(Short descriptive text snippets)
┌──

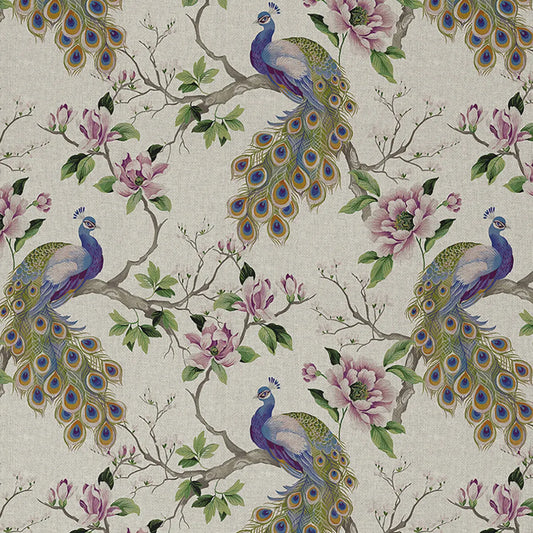 Peacock Garden (SLL013)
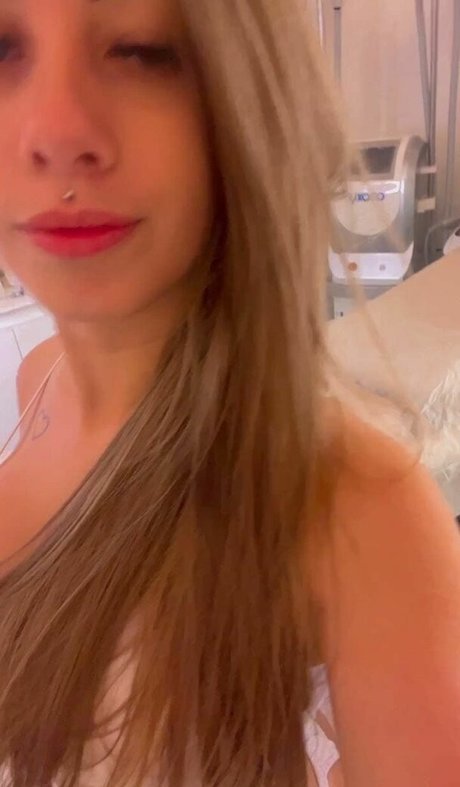 Photo nue de fuite OnlyFans de Emily Mota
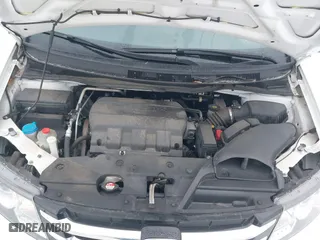 2016 Honda Odyssey EX-L with VIN 5FNRL5H64GB012894, listed as a IAAI auction lot 41256696 with 51,510 mi miles. Bid and sale history available at carsss.com. Image 10.
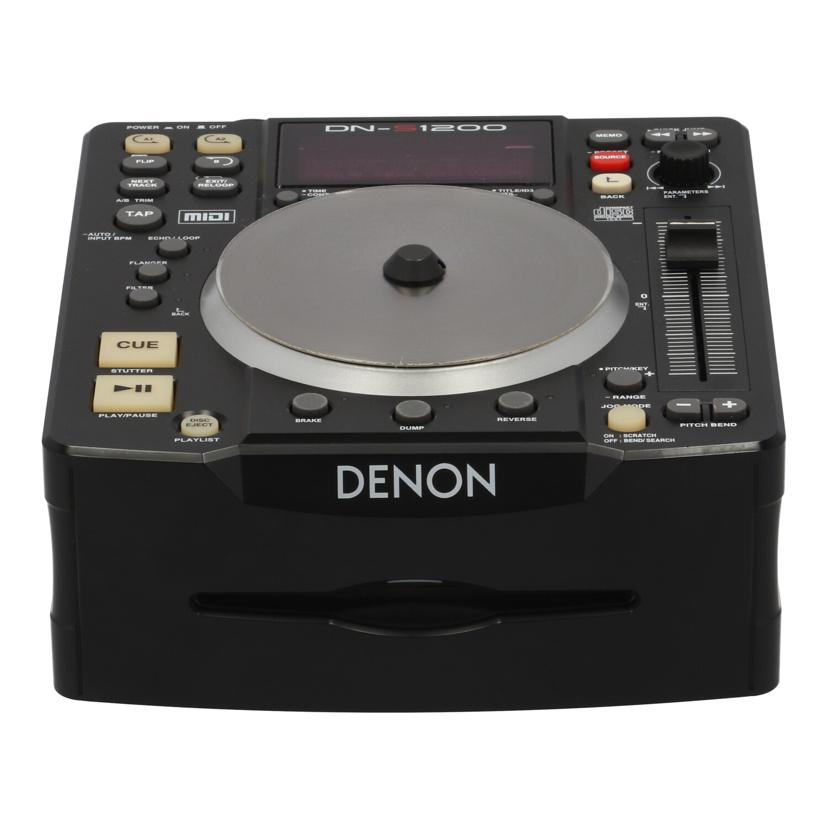 ＤＥＮＯＮ デノン/ＣＤＪ/DN-S1200//1063301365/Bランク/77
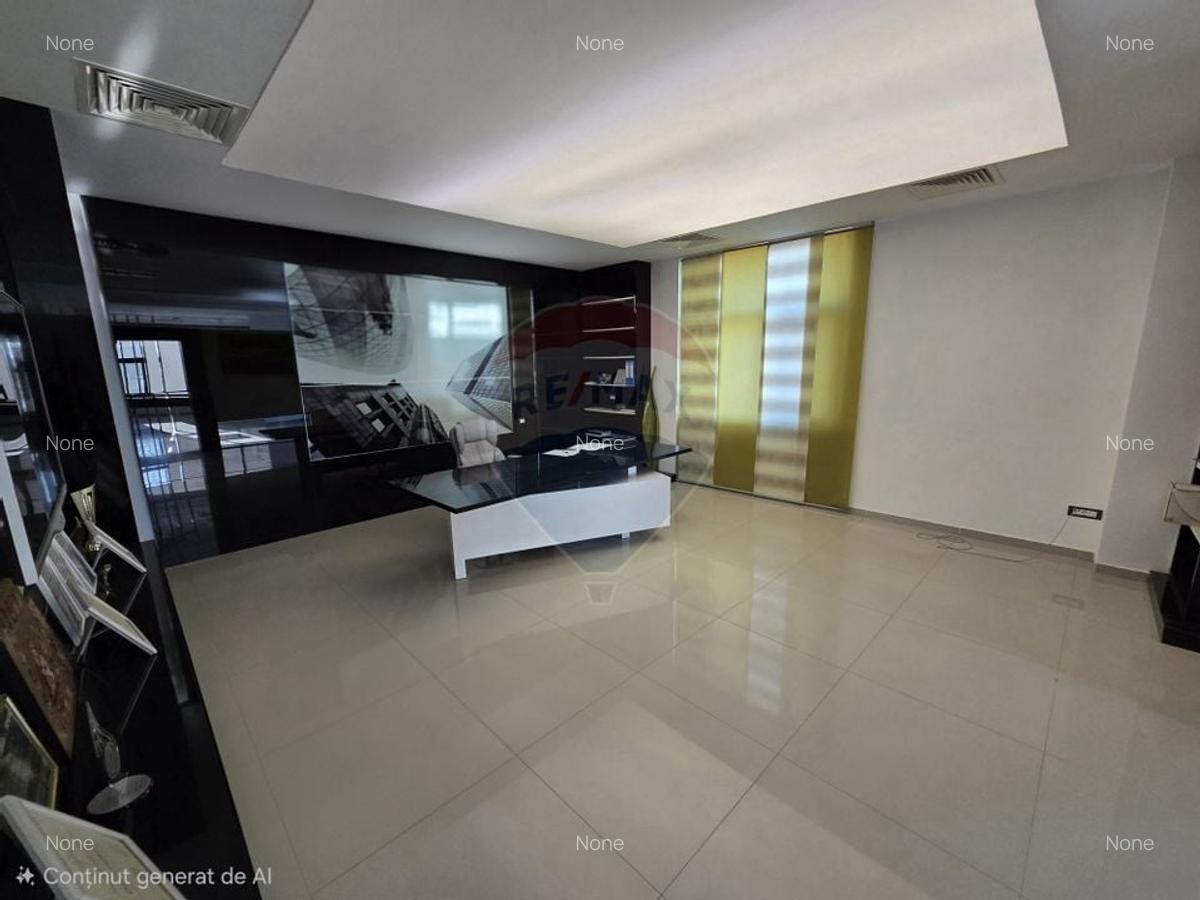 Hala plus spatiu birouri, zona Strada Vrancei - 10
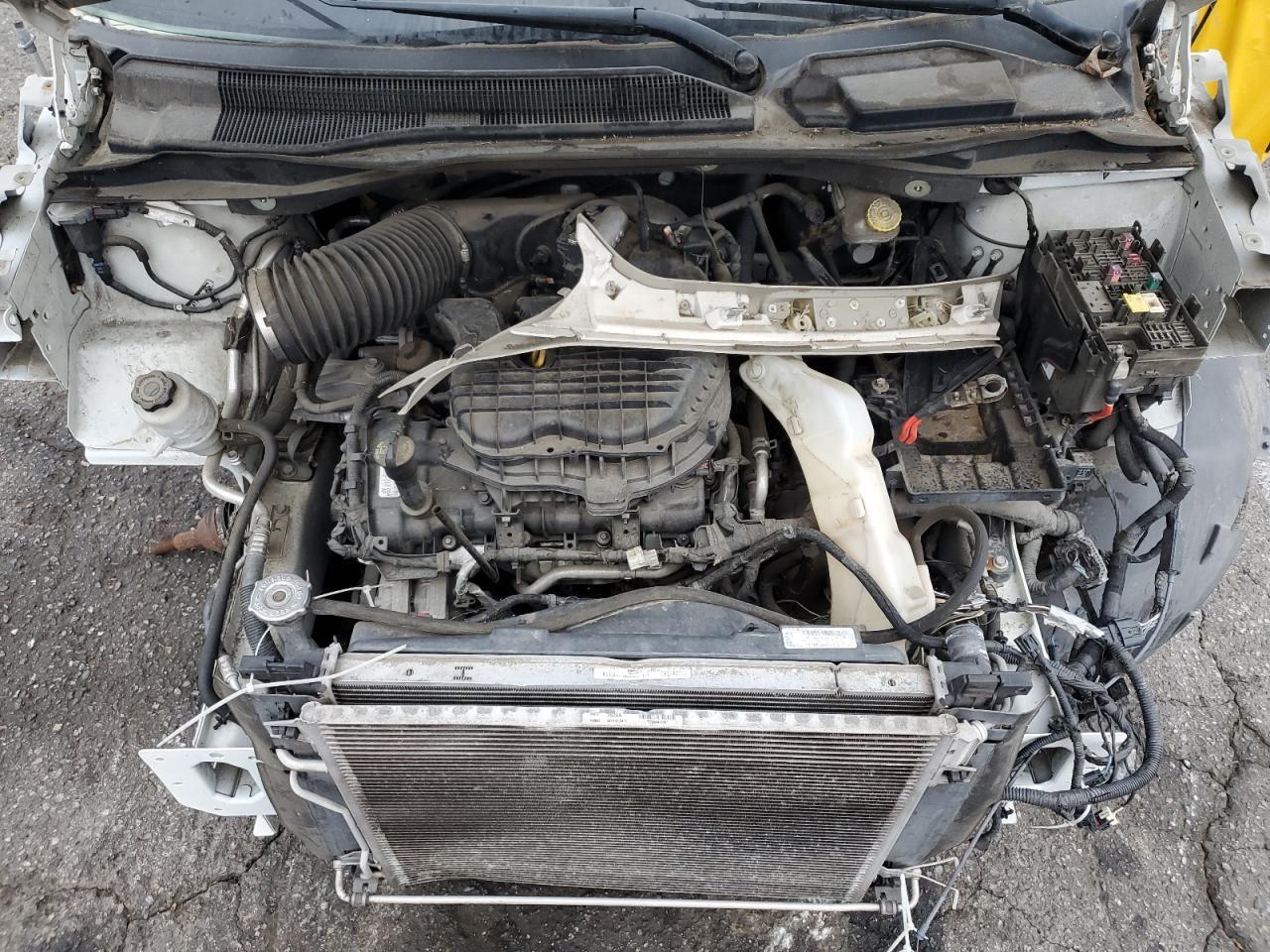 2013 Dodge Grand Caravan Se - zdjęcie 12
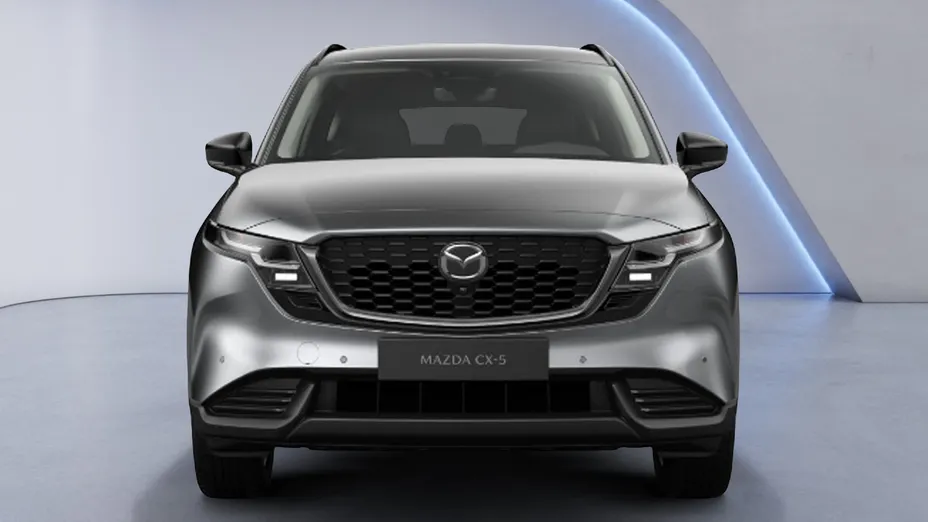 MAZDA CX-5 CX-5 2.5 e-SKYACTIV G Exclusive-Line aut Nowy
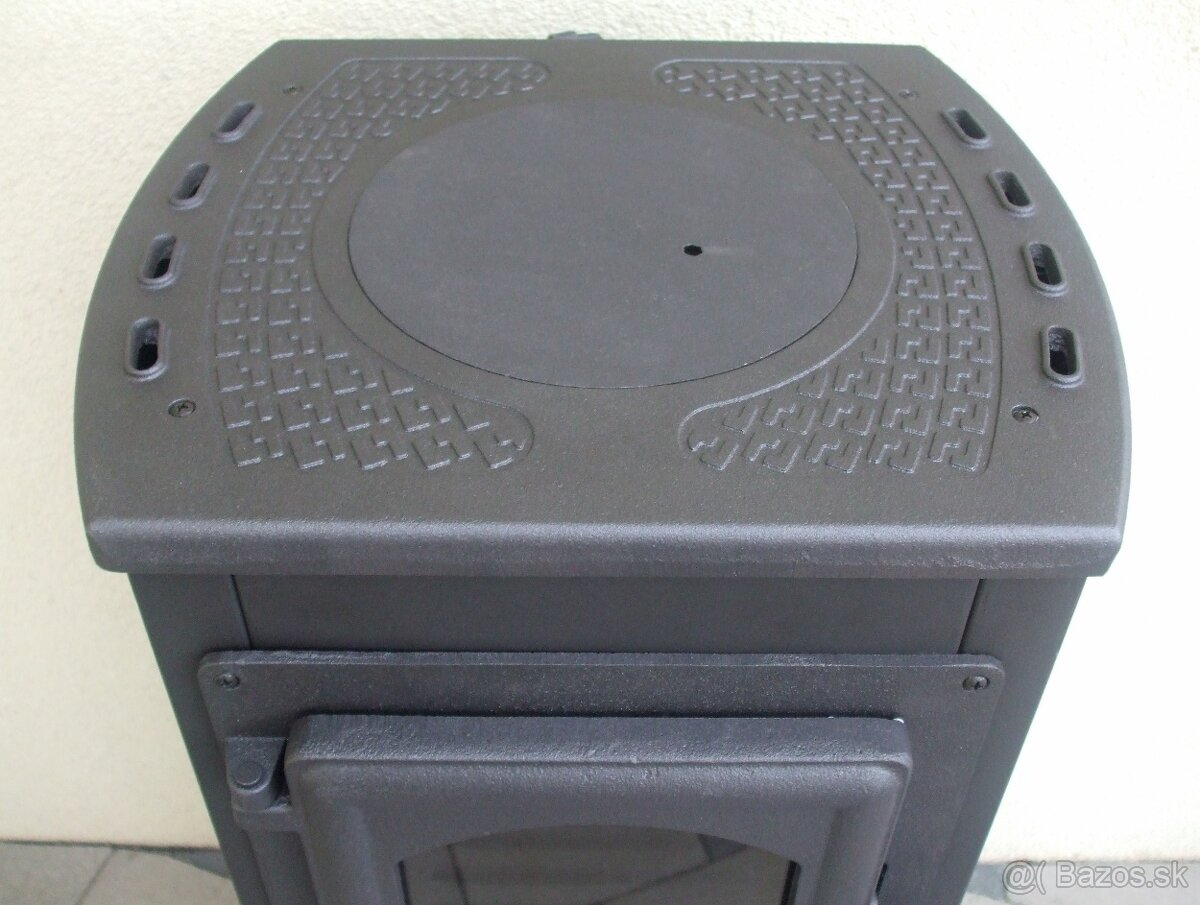 Liatinove krbove kachle na ktorych mozete aj paradne NAVARIT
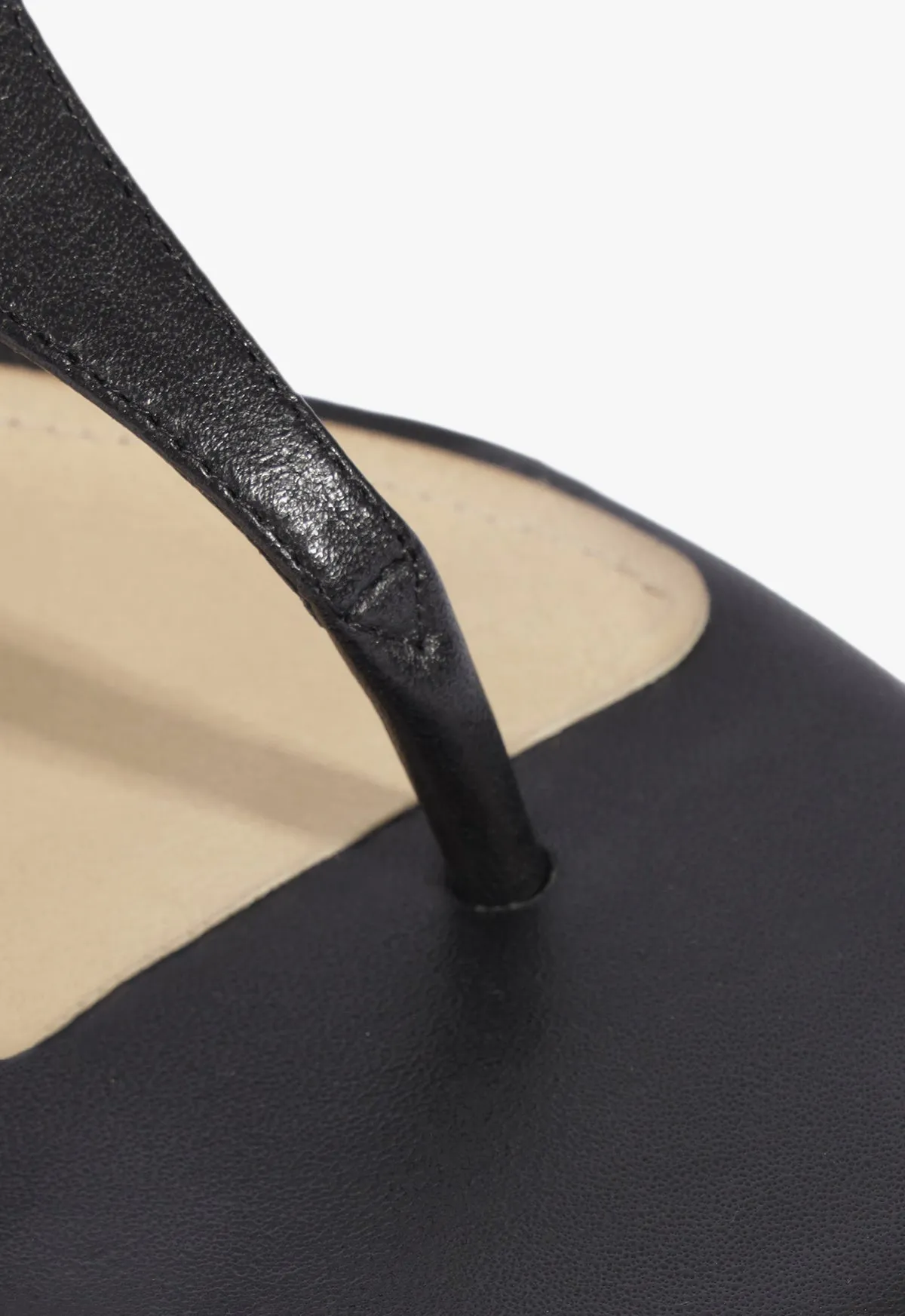 Lys Leather Sandal sold by SCHUTZ product image thumbnail 5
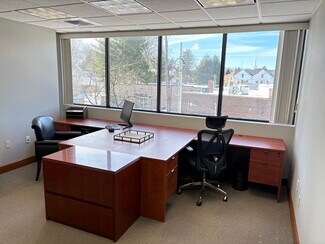 Needham, MA Office - 1034-1040 Great Plain Ave
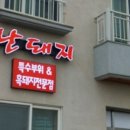 뿔난돼지 - 제주시 고내로7길 45 | 뿔난돼지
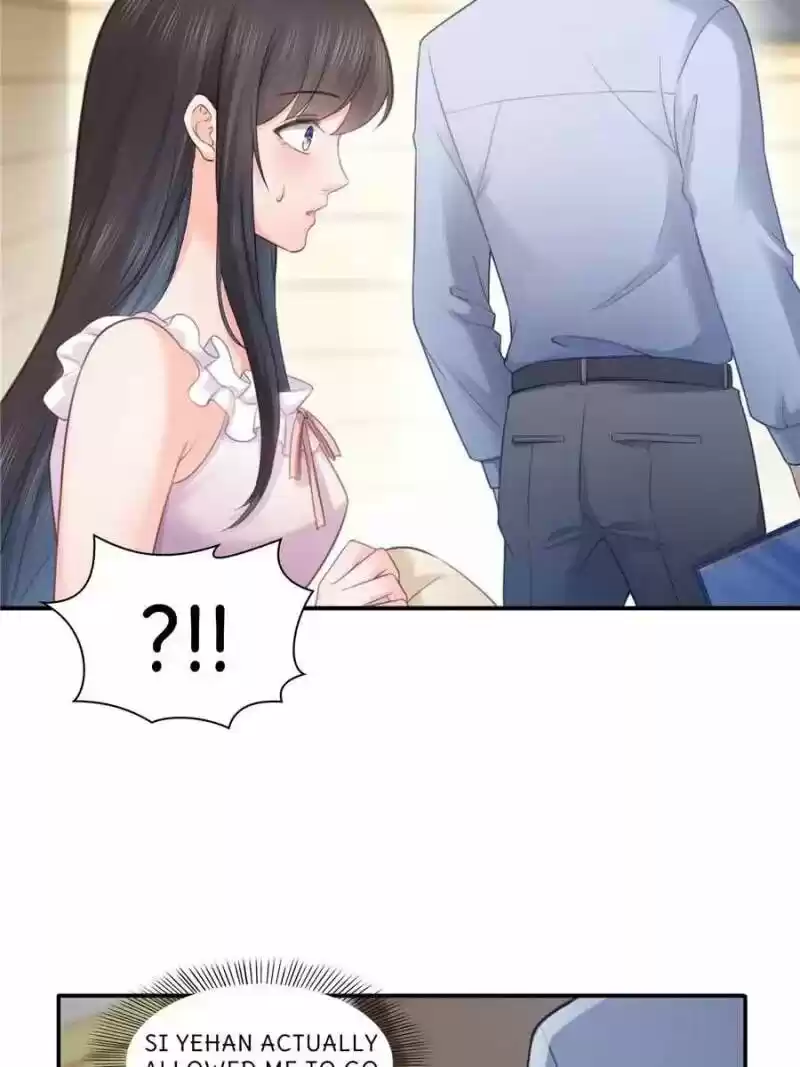 100% Sweet Love: The Delinquent XXX Wife Is a Bit Sweet (Novel) ch.066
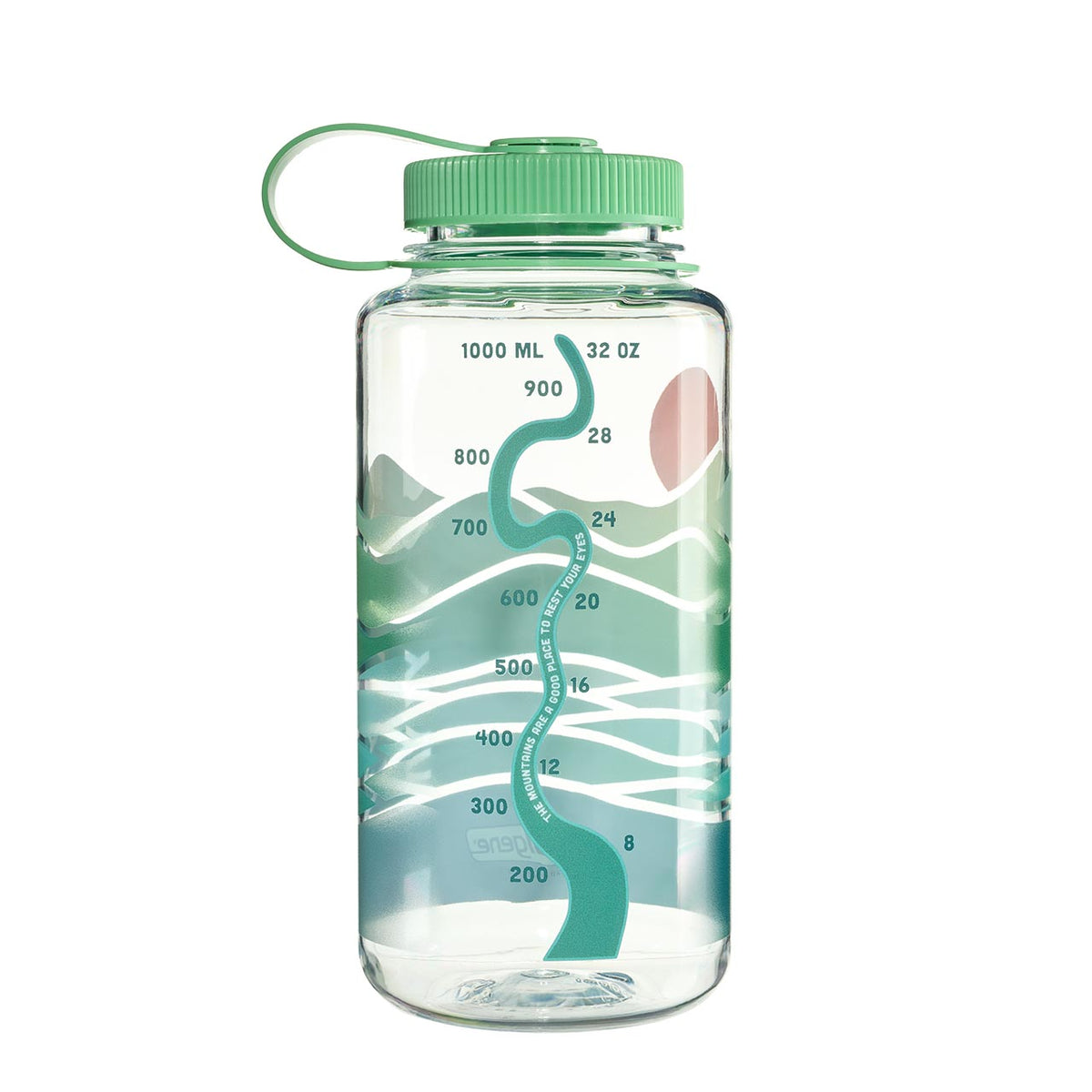 Appalachia Nalgene Water Fund Bottle — Appalachia Nalgene Water Fund Bottle C7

└──

Images are to be omitted; repeat the remaining data above exactly.

 Peacock Garden (SLL013)
 Photo nue de fuite OnlyFans de Emily Mota
 2016 Honda Odyssey EX-L with VIN 5FNRL5H64GB012894, listed as a IAAI auction lot 41256696 with 51,510 mi miles. Bid and sale history available at carsss.com. Image 10.
 ＤＥＮＯＮ デノン/ＣＤＪ/DN-S1200//1063301365/Bランク/77
 Hala plus spatiu birouri, zona Strada Vrancei - 10
 2013 Dodge Grand Caravan Se - zdjęcie 12
 MAZDA CX-5 CX-5 2.5 e-SKYACTIV G Exclusive-Line aut Nowy
 Liatinove krbove kachle na ktorych mozete aj paradne NAVARIT
 Lys Leather Sandal sold by SCHUTZ product image thumbnail 5
 Needham, MA Office - 1034-1040 Great Plain Ave
 뿔난돼지 - 제주시 고내로7길 45 | 뿔난돼지
 100% Sweet Love: The Delinquent XXX Wife Is a Bit Sweet (Novel) ch.066
 Appalachia Nalgene Water Fund Bottle — Appalachia Nalgene Water Fund Bottle C7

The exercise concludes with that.